*Your goal*
When you reach the line containing "this 500×333 image." in the data below, reproduce it and every line that follows, exactly and without additions.

*Supplied data*
»»
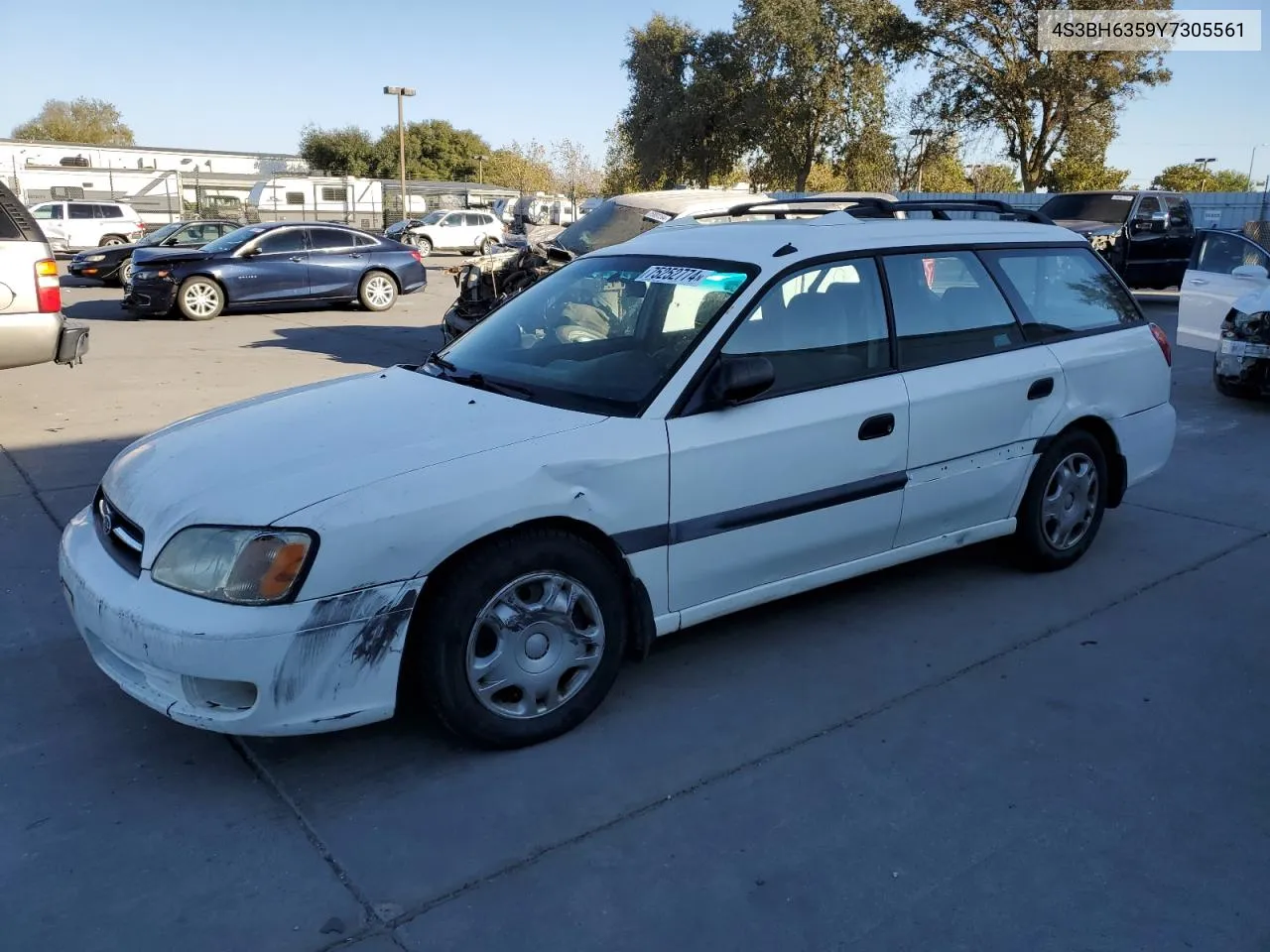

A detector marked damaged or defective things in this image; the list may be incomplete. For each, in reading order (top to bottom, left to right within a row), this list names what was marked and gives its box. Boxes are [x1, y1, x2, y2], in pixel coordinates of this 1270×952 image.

damaged bumper paint [58, 508, 427, 736]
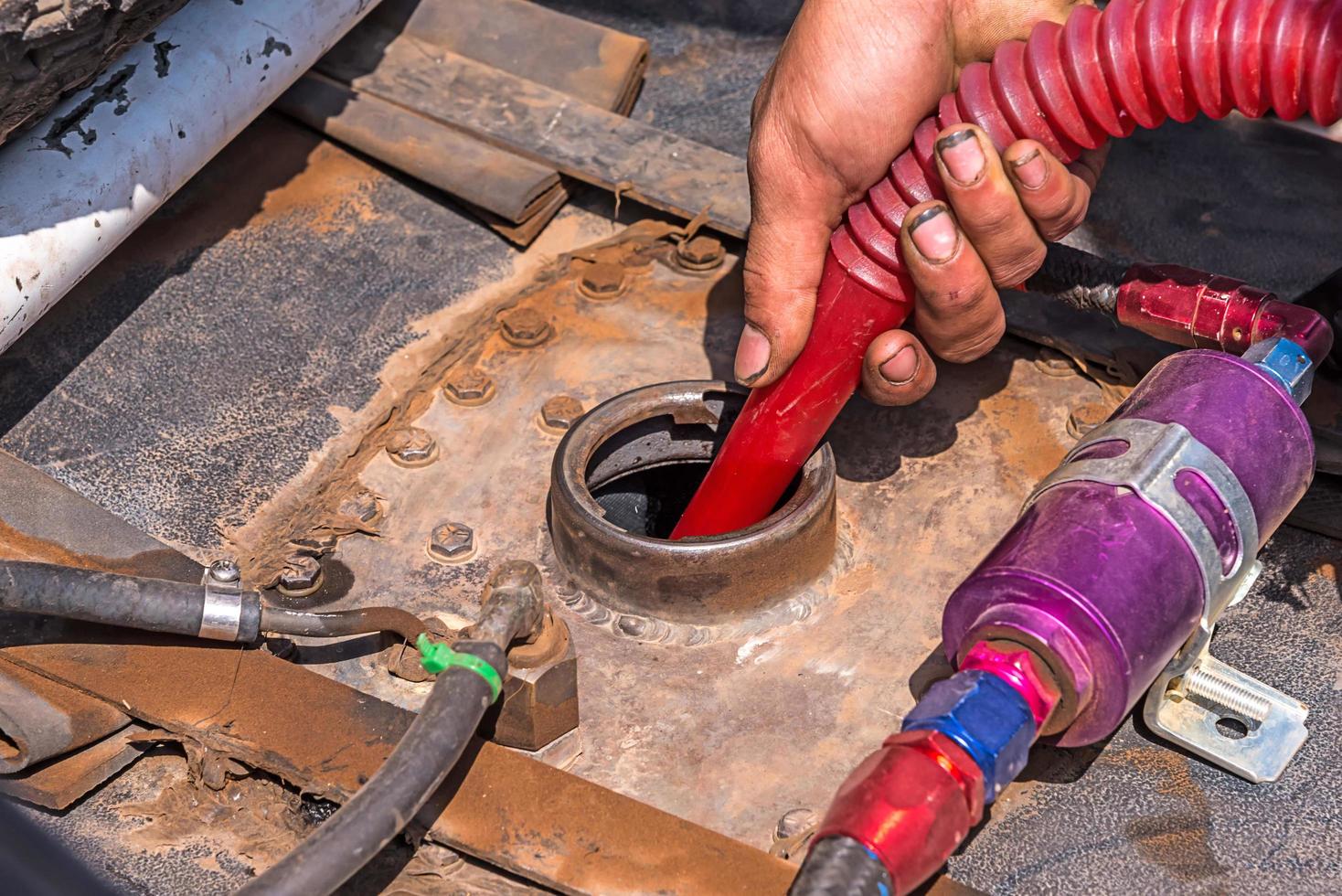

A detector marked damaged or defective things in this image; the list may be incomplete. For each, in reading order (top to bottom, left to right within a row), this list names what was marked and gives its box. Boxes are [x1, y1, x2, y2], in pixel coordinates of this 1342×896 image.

rusty metal plate [236, 207, 1104, 852]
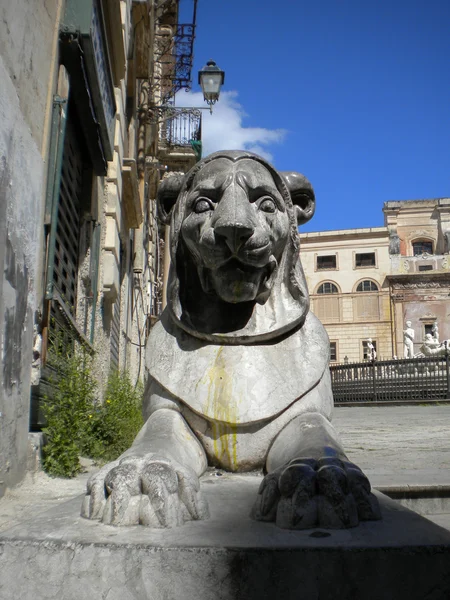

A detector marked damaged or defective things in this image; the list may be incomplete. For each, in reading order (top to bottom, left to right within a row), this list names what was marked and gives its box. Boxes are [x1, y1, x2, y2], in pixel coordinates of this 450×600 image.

peeling plaster wall [0, 1, 58, 496]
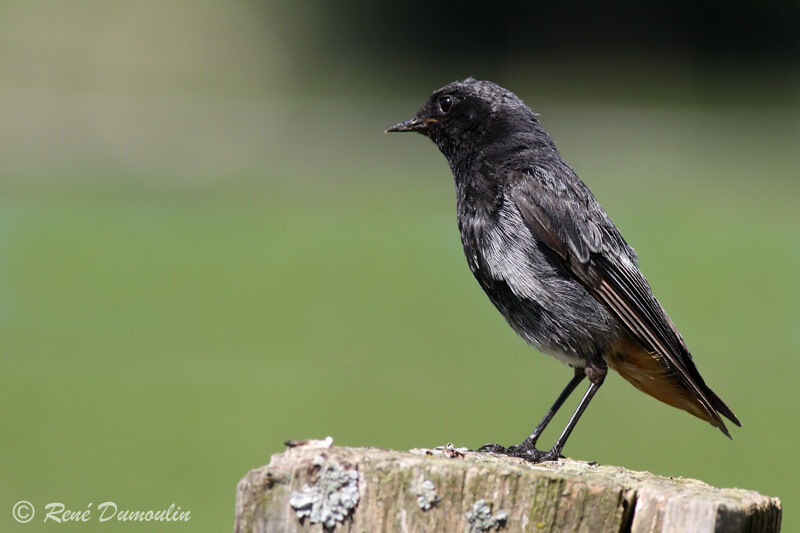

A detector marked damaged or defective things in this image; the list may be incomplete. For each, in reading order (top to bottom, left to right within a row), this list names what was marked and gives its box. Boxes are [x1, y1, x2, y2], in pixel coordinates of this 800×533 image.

orange-rust tail [608, 338, 736, 434]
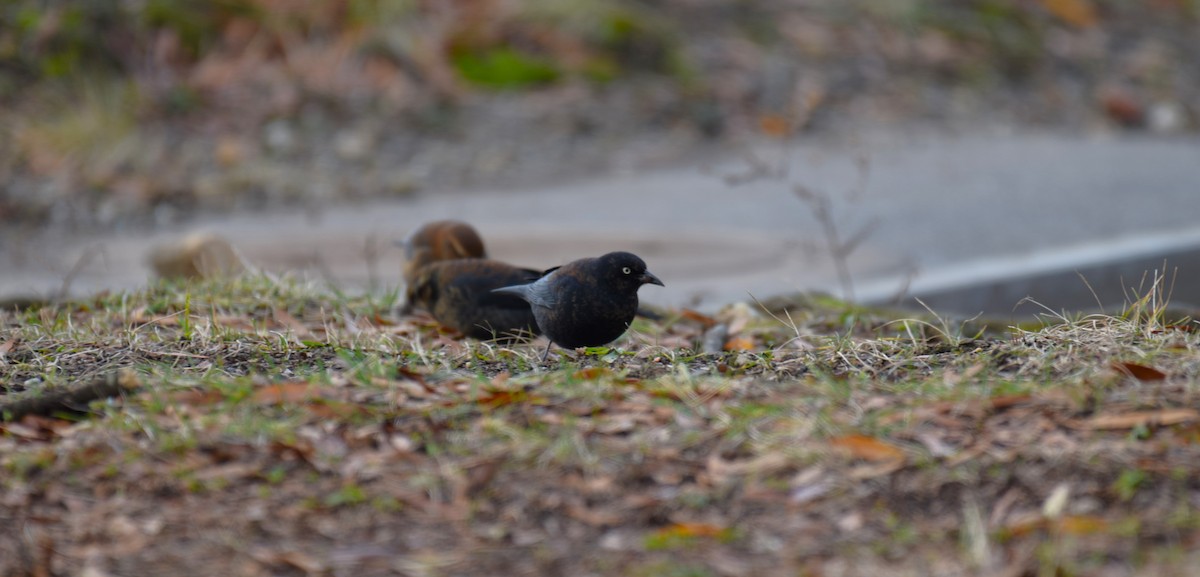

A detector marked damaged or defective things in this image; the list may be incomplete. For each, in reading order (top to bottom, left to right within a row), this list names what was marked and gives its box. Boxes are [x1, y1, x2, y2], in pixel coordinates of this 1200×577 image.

rusty blackbird [494, 249, 667, 357]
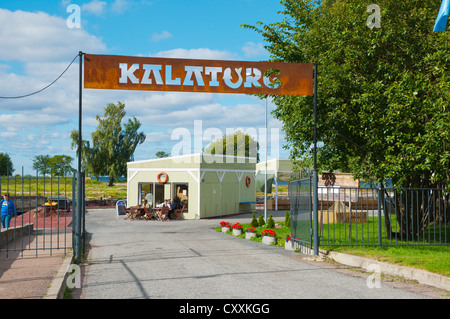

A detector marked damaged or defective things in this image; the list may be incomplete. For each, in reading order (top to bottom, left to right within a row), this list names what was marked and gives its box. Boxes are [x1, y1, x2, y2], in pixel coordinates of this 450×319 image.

rusty metal sign [83, 53, 312, 95]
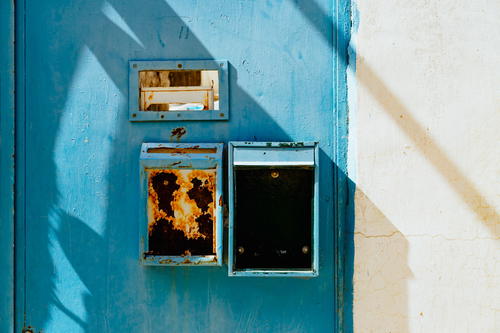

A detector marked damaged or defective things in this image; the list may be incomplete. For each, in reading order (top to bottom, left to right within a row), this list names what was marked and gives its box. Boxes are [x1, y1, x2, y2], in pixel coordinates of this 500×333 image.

rusted mailbox [138, 143, 222, 264]
corroded metal [146, 169, 214, 254]
rusted mailbox [228, 141, 318, 276]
««
*Response*
A detector marked damaged or defective things in this image; the list may be incomplete. For each, in reading order (top to bottom, left to right within a row), this list names what was marked and gives its box. Boxes are [x1, y1, x2, y2], in pixel coordinates of this 500×333 image.

rusted mailbox [138, 143, 222, 264]
corroded metal [146, 169, 214, 254]
rusted mailbox [228, 141, 318, 276]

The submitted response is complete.